» **COLLECTED MATERIAL**:
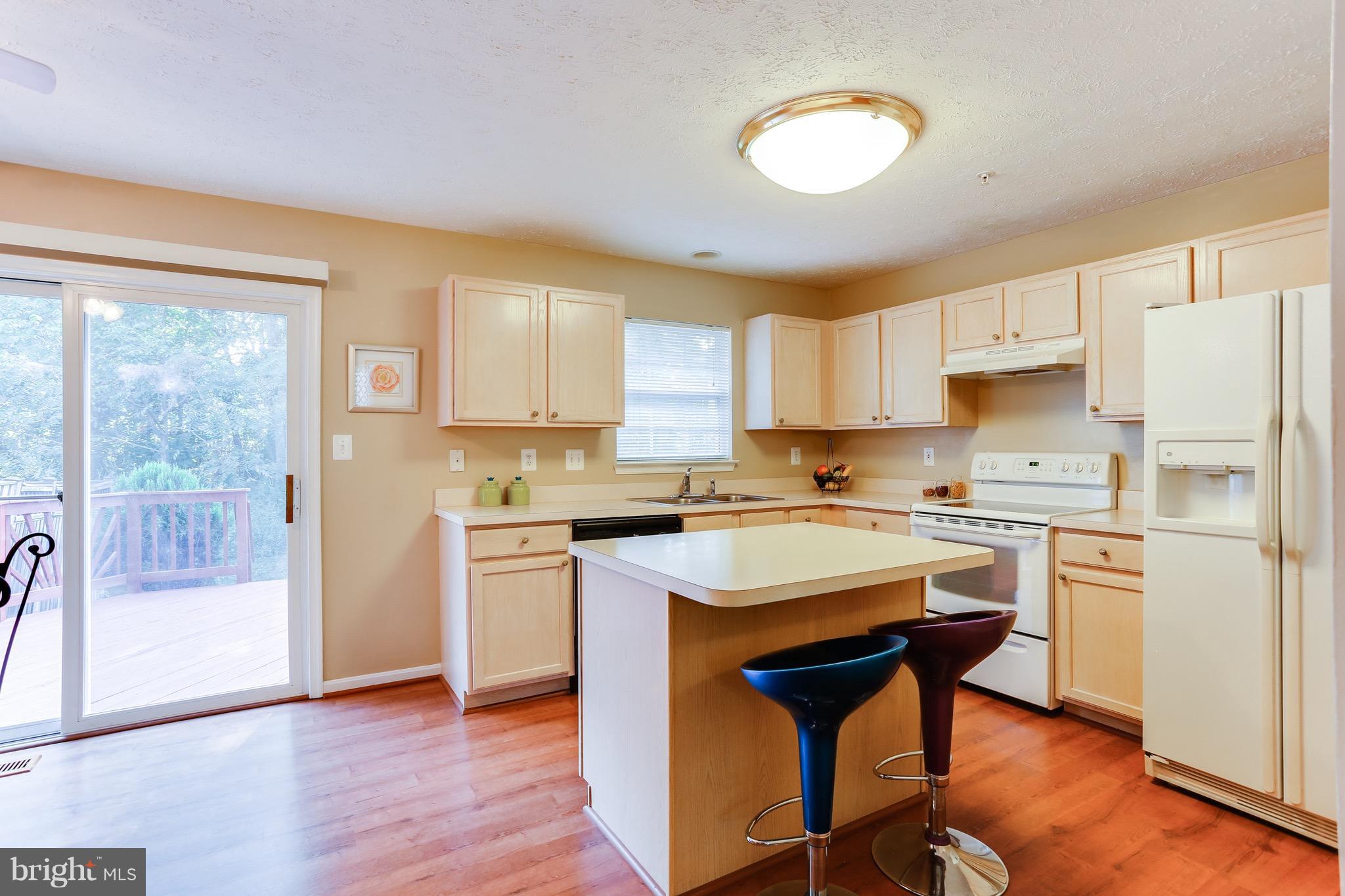 105 Carolstowne Road Reisterstown, MD 21136 - Photo 9 of 27 Kitchen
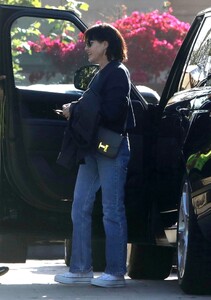 shannen-doherty-out-for-dinner-with-her-mom-at-zoho-restaurant-in-malibu-06-22-2023-3.jpg
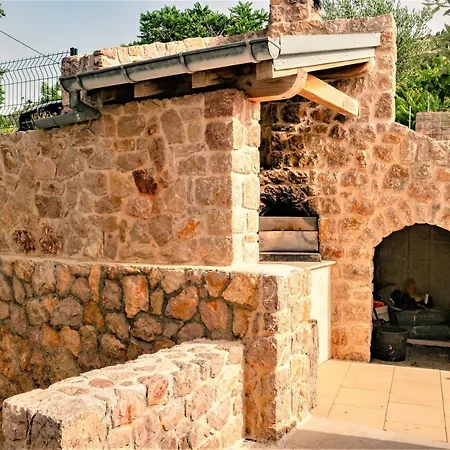 Holiday home Sea&mountain Vinjerac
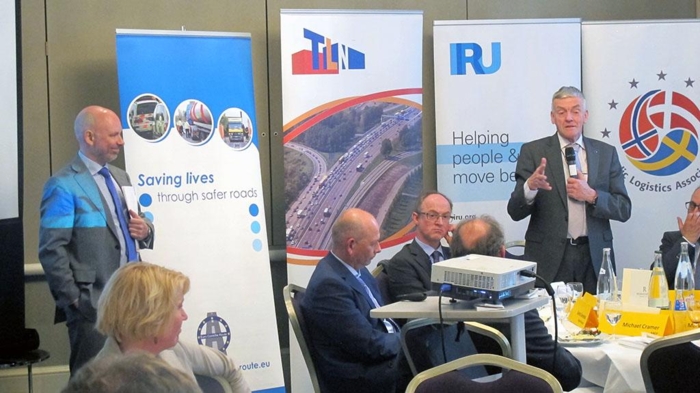 Medlem av EU-parlamentet, Wim van de Camp, var vert for seminaret som ble ledet av Søren H. Larsen. Her etterlyste NLA mer effektiv og målrettet kontroll i EU. Foto: NLA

» **WORK TASK**:
The listing above must be printed again exactly, minus its pictures.

» **RESPONSE BELOW**:
 105 Carolstowne Road Reisterstown, MD 21136 - Photo 9 of 27 Kitchen
 shannen-doherty-out-for-dinner-with-her-mom-at-zoho-restaurant-in-malibu-06-22-2023-3.jpg
 Holiday home Sea&mountain Vinjerac
 Medlem av EU-parlamentet, Wim van de Camp, var vert for seminaret som ble ledet av Søren H. Larsen. Her etterlyste NLA mer effektiv og målrettet kontroll i EU. Foto: NLA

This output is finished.